WHAT IS NEEDED » Copy verbatim the span of lines beginning at the line that contains "Retro Fire Chillies" and ending with the final line of the data. Exclude pictures from the copy.

GIVEN DATA »
┄┄┄┄┄┄┄┄┄┄

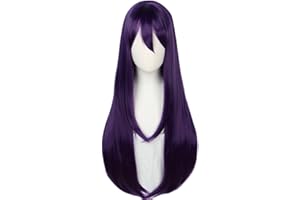 Linfairy Peluca de Color Púrpura Larga Halloween Cosplay Peluca Para Mujeres 85 cm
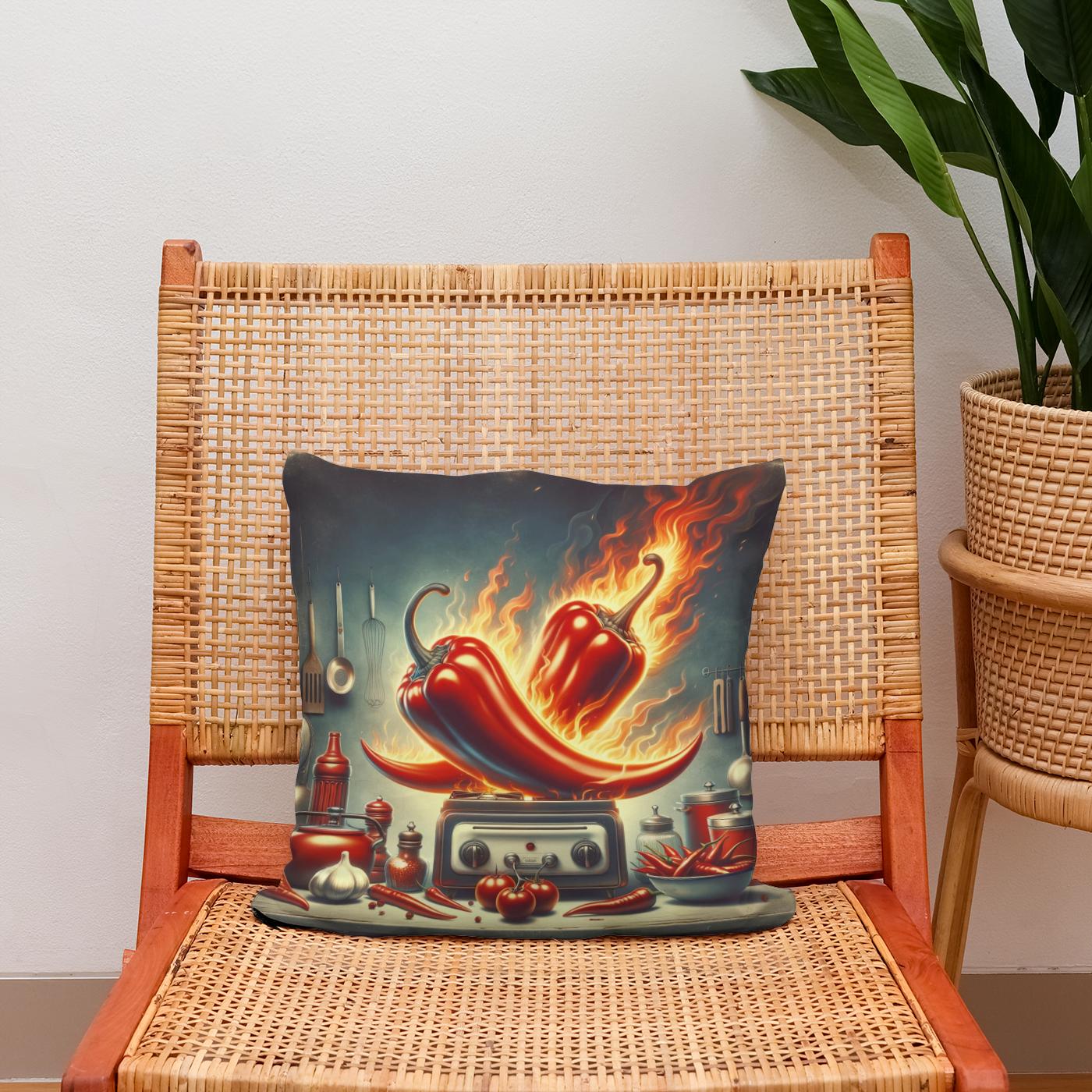 Retro Fire Chillies Kitchen Art Cotton Cushion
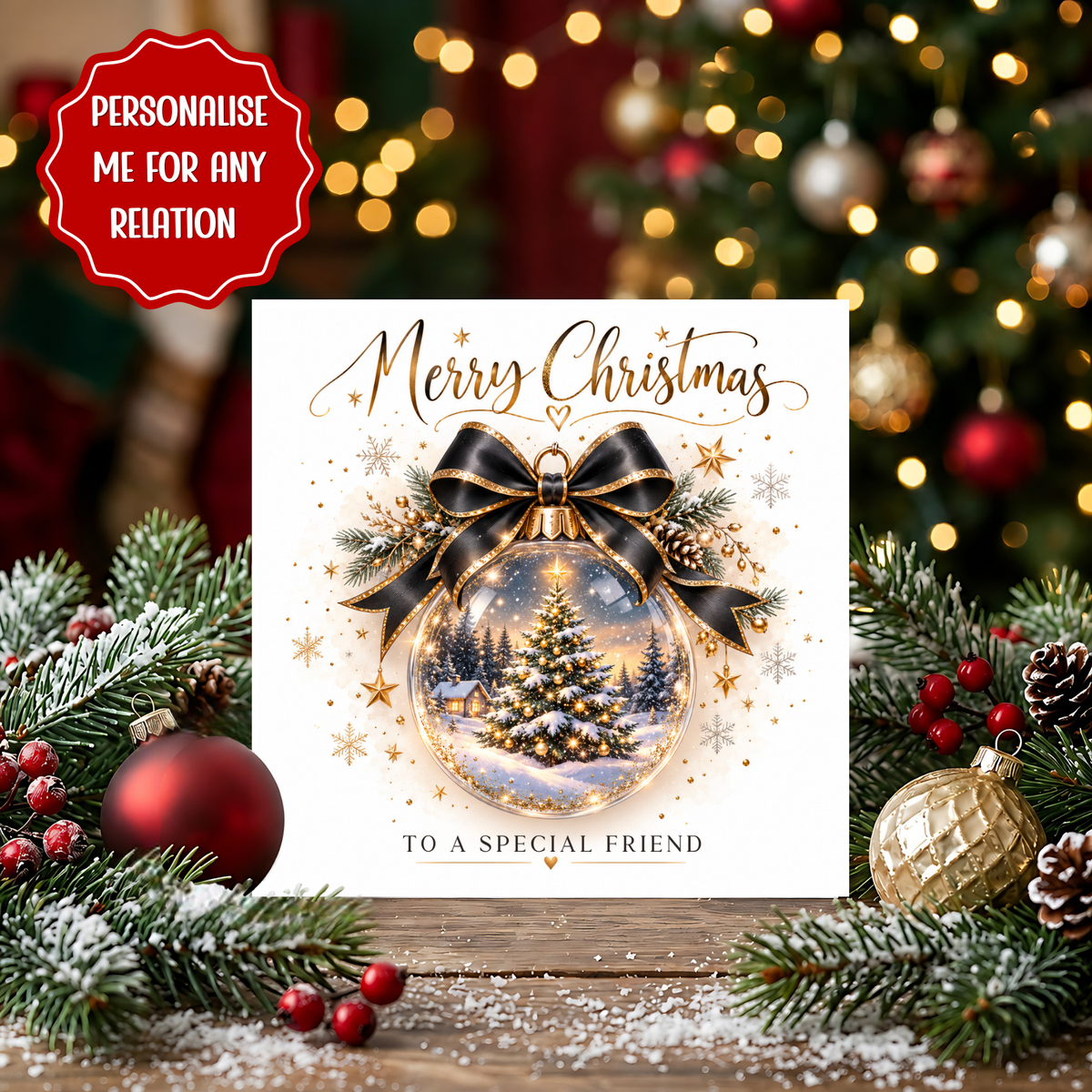 Personalised Christmas Card, Special Friend Christmas Card, Any Relation Xmas Card, Black Gold Bauble Card, Christmas Card for Him Her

┄┄┄┄┄┄┄┄┄┄

TASK RESULT »
 Retro Fire Chillies Kitchen Art Cotton Cushion
 Personalised Christmas Card, Special Friend Christmas Card, Any Relation Xmas Card, Black Gold Bauble Card, Christmas Card for Him Her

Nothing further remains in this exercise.